Start of Block
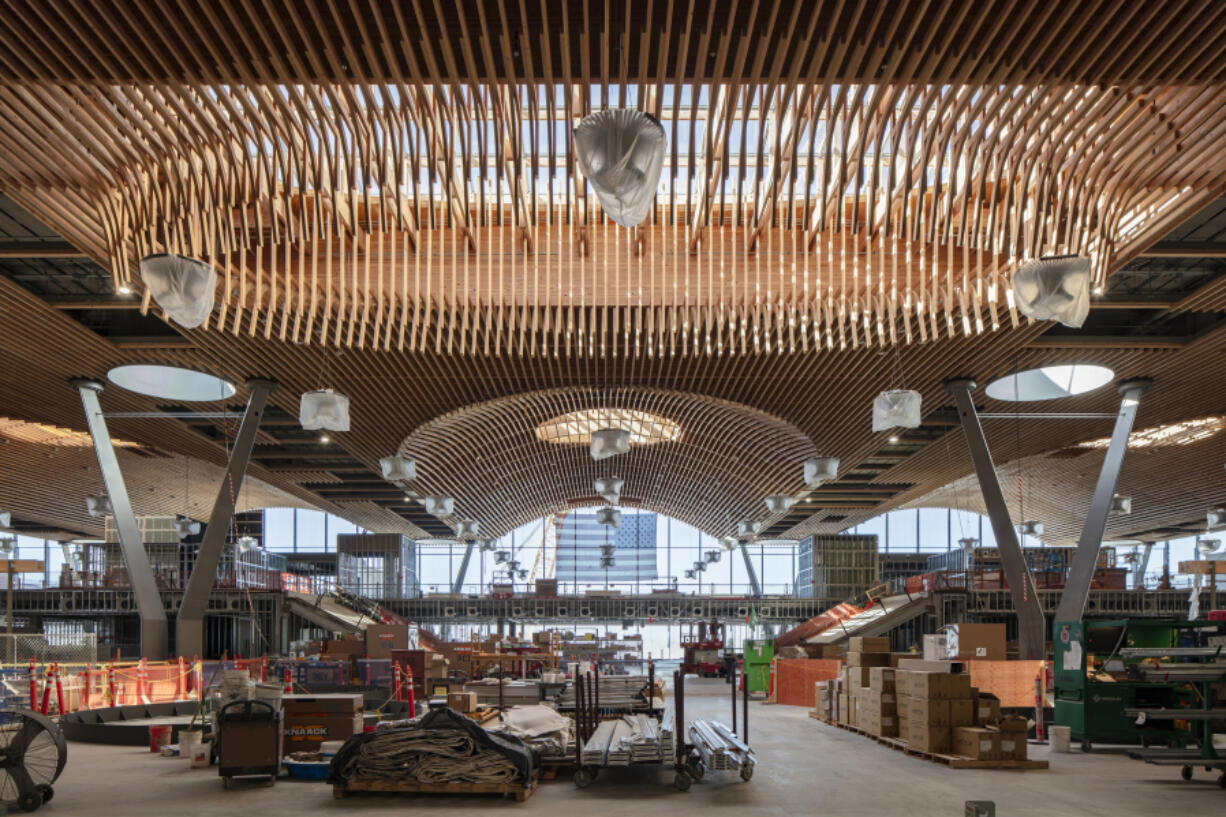 In a sense, the main terminal&rsquo;s new roof is one of the world&rsquo;s largest wooden puzzles. It can be separated into 20 individual pieces which were moved from the fabrication yard, located three-quarters of a mile down the tarmac, to the main terminal. Each piece weighs at least 600,000 pounds and took four nights to be moved into place. (Photos by Stephen A.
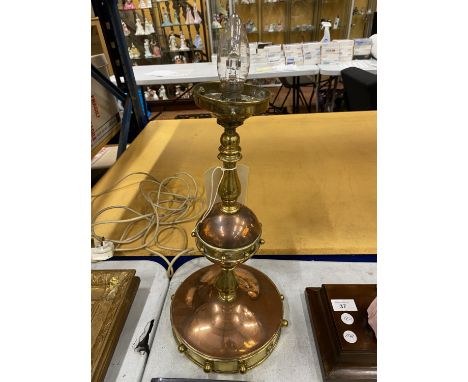 AN UNUSUAL VINTAGE BRASS AND COPPER LAMP BASE 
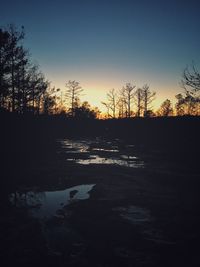 Silhouette bare trees on landscape against clear sky during sunset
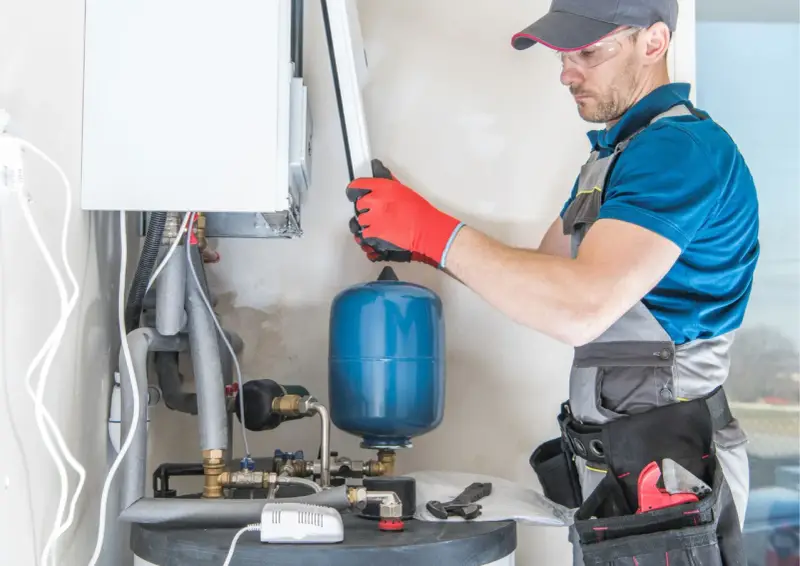 Instalator sprawdza podzespoły kotła gazowego. Zastanawiasz się, ile kosztuje piec gazowy?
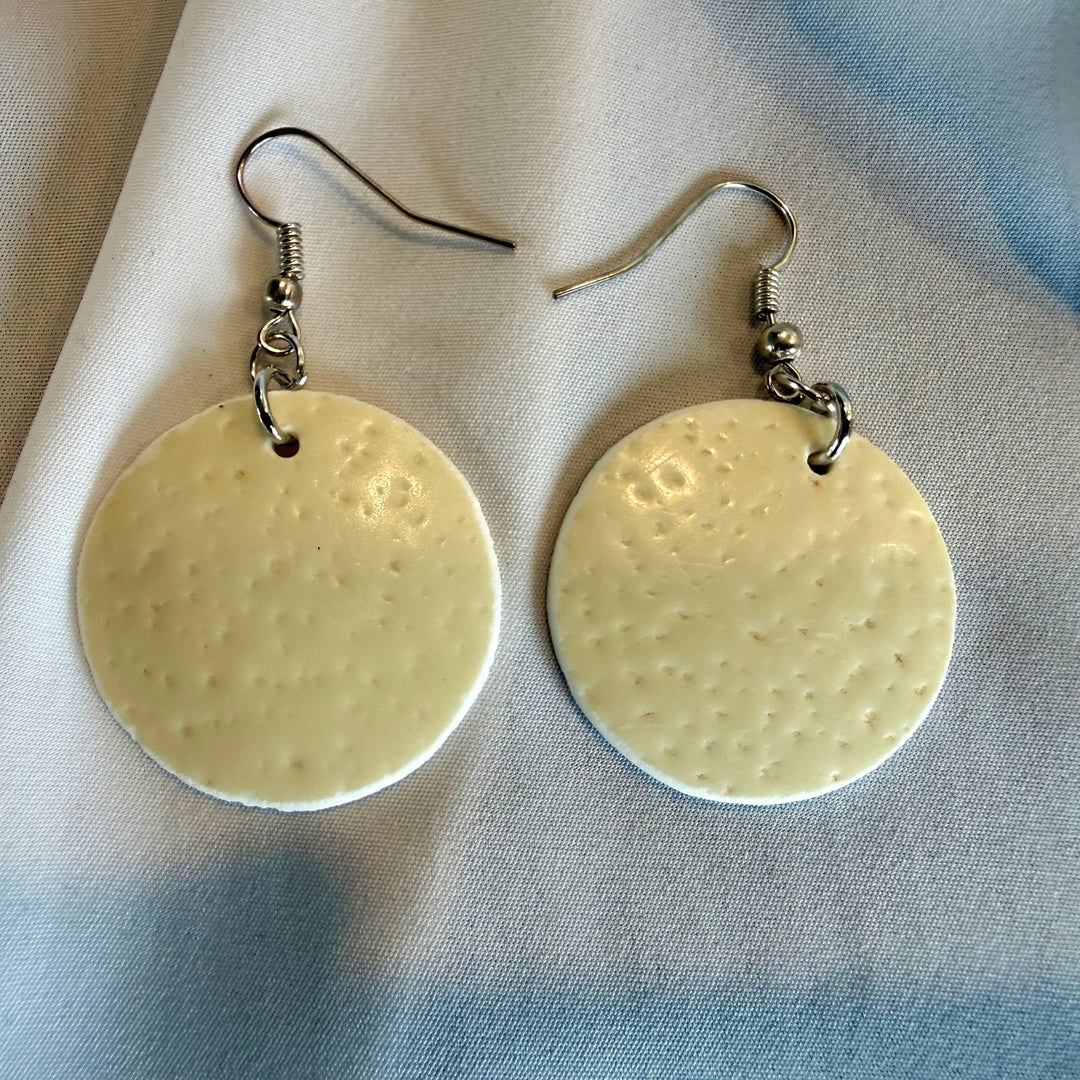 Full view of handcrafted round ostrich eggshell drop earrings in ivory tones with silver-tone hooks.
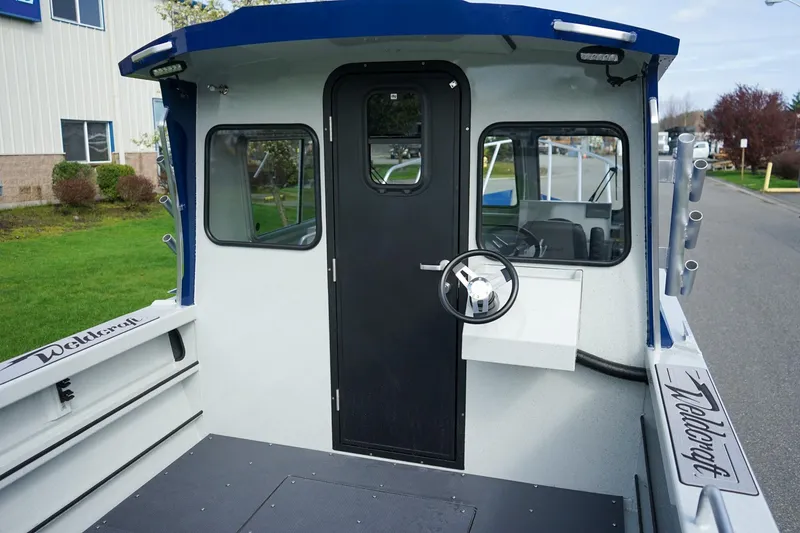 Slide: The Image of 2026 Weldcraft 220 Ocean King boat interior with steering wheel and cabin door. - 5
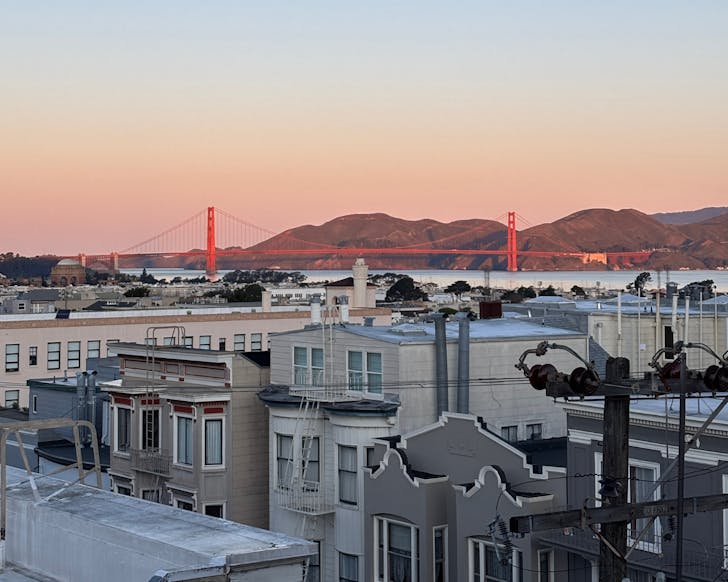 Sprawling city with red bridge at end. 
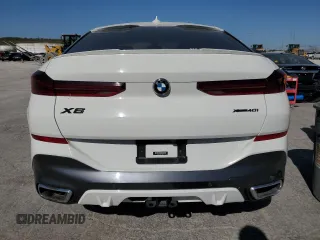 2020 BMW X6 xDrive40i z VIN 5UXCY6C00L9D45082, wystawiony jako Copart lot #52588665 z przebiegiem 40 810 mil mil oraz Szkoda całkowita • Salvage title. Historia ofert i sprzedaży dostępna na DreamBid. Obrazek 6.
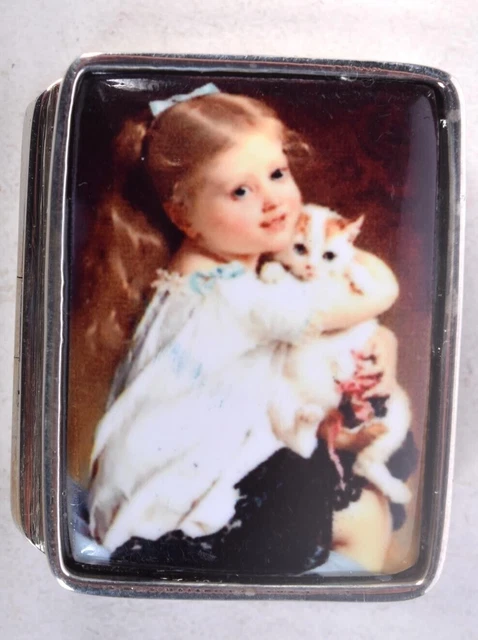 Silver & Enamel Pill Box With The Lid Decorated With A Young Girl With Cat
End of Block
## Try it
Each record needs to be reproduced exactly, and no image should be carried over.

## Solution
 In a sense, the main terminal&rsquo;s new roof is one of the world&rsquo;s largest wooden puzzles. It can be separated into 20 individual pieces which were moved from the fabrication yard, located three-quarters of a mile down the tarmac, to the main terminal. Each piece weighs at least 600,000 pounds and took four nights to be moved into place. (Photos by Stephen A.
 AN UNUSUAL VINTAGE BRASS AND COPPER LAMP BASE 
 Silhouette bare trees on landscape against clear sky during sunset
 Instalator sprawdza podzespoły kotła gazowego. Zastanawiasz się, ile kosztuje piec gazowy?
 Full view of handcrafted round ostrich eggshell drop earrings in ivory tones with silver-tone hooks.
 Slide: The Image of 2026 Weldcraft 220 Ocean King boat interior with steering wheel and cabin door. - 5
 Sprawling city with red bridge at end. 
 2020 BMW X6 xDrive40i z VIN 5UXCY6C00L9D45082, wystawiony jako Copart lot #52588665 z przebiegiem 40 810 mil mil oraz Szkoda całkowita • Salvage title. Historia ofert i sprzedaży dostępna na DreamBid. Obrazek 6.
 Silver & Enamel Pill Box With The Lid Decorated With A Young Girl With Cat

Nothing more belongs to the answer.